• [Scraped caption text data]
---

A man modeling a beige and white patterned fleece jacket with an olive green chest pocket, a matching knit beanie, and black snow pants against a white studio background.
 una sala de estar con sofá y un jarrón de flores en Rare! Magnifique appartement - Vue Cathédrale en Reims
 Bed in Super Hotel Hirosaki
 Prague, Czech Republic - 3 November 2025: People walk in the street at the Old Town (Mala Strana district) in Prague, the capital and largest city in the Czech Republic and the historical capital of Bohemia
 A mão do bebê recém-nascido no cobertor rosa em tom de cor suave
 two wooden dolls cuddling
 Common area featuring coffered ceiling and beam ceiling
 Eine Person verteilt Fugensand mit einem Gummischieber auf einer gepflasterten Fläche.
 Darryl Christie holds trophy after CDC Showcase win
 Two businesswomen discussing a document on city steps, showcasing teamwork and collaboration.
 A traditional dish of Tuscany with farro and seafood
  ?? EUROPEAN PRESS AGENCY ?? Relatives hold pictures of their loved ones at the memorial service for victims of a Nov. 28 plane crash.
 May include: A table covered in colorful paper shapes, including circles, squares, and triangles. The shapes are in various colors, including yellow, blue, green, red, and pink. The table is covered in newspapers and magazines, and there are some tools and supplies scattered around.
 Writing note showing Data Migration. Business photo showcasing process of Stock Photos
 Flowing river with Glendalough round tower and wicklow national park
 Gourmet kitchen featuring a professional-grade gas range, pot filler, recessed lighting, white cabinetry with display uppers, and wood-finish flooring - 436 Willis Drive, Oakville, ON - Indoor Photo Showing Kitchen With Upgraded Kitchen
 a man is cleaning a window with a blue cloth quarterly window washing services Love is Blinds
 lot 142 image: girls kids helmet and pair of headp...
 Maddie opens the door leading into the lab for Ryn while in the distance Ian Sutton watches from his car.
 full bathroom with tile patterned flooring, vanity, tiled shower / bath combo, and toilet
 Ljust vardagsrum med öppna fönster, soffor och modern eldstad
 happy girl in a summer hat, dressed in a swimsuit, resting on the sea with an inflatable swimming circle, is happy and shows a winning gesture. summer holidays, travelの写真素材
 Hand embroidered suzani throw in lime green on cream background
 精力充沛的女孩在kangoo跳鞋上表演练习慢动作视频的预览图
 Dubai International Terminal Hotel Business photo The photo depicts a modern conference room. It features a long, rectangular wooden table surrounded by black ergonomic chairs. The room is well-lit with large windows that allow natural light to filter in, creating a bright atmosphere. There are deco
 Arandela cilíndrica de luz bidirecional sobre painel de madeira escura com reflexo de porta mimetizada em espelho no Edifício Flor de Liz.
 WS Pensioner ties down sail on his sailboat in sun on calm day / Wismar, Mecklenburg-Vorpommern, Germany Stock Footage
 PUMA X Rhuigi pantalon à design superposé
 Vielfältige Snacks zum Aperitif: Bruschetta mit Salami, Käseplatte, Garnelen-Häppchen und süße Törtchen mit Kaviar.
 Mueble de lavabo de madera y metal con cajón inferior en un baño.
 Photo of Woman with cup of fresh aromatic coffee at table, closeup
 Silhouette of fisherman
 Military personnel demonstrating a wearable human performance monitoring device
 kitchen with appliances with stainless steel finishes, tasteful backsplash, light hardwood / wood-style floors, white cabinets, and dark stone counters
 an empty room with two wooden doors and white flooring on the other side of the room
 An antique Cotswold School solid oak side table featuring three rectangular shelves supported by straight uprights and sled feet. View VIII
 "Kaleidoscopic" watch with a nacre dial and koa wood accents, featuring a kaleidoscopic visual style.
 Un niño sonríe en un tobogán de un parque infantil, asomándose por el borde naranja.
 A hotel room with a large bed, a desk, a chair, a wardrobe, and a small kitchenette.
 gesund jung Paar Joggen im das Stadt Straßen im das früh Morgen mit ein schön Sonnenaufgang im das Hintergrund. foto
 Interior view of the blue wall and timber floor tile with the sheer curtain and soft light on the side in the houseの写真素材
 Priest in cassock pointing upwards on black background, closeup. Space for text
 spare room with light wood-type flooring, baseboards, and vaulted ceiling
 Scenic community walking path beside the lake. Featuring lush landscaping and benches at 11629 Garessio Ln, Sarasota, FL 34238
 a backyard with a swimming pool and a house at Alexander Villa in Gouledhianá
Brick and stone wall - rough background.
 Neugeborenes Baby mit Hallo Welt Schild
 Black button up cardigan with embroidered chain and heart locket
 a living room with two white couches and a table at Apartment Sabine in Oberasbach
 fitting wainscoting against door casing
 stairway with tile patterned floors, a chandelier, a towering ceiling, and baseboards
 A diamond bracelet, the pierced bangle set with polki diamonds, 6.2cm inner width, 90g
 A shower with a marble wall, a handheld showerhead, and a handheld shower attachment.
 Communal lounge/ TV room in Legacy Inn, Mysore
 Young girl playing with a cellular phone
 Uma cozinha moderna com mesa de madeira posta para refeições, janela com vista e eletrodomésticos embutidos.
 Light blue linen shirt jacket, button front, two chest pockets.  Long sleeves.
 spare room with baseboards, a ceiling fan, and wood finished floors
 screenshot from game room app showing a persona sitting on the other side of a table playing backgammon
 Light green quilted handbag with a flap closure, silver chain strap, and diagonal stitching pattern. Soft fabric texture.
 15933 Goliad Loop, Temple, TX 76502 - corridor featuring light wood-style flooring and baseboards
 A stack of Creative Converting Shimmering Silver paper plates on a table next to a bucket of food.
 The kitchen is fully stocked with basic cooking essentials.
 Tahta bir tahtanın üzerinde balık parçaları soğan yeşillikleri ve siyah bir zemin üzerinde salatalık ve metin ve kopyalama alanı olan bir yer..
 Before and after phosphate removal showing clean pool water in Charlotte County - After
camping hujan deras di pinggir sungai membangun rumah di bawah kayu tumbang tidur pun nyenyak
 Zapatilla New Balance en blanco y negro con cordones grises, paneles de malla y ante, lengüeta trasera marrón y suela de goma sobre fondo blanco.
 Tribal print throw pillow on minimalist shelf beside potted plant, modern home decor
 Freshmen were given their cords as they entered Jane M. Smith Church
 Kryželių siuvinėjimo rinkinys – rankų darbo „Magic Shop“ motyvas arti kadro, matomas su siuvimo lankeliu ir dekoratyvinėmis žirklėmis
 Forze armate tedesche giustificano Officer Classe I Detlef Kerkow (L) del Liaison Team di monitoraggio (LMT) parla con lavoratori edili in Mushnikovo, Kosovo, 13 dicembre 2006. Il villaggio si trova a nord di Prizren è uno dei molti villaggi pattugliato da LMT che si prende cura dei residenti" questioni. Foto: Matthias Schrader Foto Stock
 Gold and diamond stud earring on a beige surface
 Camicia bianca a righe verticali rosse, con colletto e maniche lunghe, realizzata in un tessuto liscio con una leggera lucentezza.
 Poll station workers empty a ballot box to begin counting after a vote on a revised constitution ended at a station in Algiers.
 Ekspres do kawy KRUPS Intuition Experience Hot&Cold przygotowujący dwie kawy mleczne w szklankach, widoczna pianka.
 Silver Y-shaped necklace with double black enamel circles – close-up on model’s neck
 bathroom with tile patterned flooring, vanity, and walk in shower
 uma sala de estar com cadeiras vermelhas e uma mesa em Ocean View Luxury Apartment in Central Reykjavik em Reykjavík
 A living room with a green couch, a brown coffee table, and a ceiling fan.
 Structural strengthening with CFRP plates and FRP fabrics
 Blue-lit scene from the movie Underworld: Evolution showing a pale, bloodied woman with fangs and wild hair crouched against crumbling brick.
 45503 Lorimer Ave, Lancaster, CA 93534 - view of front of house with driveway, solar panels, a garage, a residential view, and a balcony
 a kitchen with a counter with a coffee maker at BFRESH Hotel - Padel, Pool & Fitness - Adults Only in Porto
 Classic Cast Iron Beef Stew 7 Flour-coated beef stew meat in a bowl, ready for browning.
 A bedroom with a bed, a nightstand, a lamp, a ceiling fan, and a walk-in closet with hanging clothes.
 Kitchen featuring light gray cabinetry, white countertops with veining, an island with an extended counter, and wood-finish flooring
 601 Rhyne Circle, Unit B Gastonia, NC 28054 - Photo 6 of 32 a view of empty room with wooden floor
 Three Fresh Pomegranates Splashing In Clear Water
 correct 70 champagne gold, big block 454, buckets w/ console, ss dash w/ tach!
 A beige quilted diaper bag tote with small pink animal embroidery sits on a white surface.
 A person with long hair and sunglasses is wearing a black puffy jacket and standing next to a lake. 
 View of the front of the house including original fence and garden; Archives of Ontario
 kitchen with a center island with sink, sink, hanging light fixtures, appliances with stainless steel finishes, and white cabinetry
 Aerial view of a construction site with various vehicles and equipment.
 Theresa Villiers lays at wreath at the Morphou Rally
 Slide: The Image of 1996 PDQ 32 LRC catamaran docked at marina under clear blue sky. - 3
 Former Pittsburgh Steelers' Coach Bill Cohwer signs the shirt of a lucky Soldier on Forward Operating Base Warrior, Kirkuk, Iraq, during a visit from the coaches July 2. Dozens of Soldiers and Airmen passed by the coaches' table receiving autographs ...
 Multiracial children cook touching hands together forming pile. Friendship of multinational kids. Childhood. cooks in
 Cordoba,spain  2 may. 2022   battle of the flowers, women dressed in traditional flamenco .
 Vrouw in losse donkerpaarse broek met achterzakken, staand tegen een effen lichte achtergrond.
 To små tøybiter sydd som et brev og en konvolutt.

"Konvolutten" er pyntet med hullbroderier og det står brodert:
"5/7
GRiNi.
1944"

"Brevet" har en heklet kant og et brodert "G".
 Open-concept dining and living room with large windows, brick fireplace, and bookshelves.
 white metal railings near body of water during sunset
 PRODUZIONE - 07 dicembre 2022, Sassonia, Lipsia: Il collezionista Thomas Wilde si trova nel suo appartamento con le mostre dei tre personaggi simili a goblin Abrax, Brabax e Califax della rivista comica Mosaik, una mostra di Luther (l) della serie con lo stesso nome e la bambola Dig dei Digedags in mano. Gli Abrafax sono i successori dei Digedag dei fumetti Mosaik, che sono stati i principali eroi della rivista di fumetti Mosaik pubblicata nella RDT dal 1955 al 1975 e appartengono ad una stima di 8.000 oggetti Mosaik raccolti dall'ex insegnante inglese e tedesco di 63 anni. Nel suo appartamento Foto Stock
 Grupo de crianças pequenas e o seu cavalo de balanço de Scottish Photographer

---

• [What you are asked to do] Each line from the one containing "Multiracial children cook" through the last line of the entries above is to be returned exactly, and no others.

• [Answer to this task]
 Multiracial children cook touching hands together forming pile. Friendship of multinational kids. Childhood. cooks in
 Cordoba,spain  2 may. 2022   battle of the flowers, women dressed in traditional flamenco .
 Vrouw in losse donkerpaarse broek met achterzakken, staand tegen een effen lichte achtergrond.
 To små tøybiter sydd som et brev og en konvolutt.

"Konvolutten" er pyntet med hullbroderier og det står brodert:
"5/7
GRiNi.
1944"

"Brevet" har en heklet kant og et brodert "G".
 Open-concept dining and living room with large windows, brick fireplace, and bookshelves.
 white metal railings near body of water during sunset
 PRODUZIONE - 07 dicembre 2022, Sassonia, Lipsia: Il collezionista Thomas Wilde si trova nel suo appartamento con le mostre dei tre personaggi simili a goblin Abrax, Brabax e Califax della rivista comica Mosaik, una mostra di Luther (l) della serie con lo stesso nome e la bambola Dig dei Digedags in mano. Gli Abrafax sono i successori dei Digedag dei fumetti Mosaik, che sono stati i principali eroi della rivista di fumetti Mosaik pubblicata nella RDT dal 1955 al 1975 e appartengono ad una stima di 8.000 oggetti Mosaik raccolti dall'ex insegnante inglese e tedesco di 63 anni. Nel suo appartamento Foto Stock
 Grupo de crianças pequenas e o seu cavalo de balanço de Scottish Photographer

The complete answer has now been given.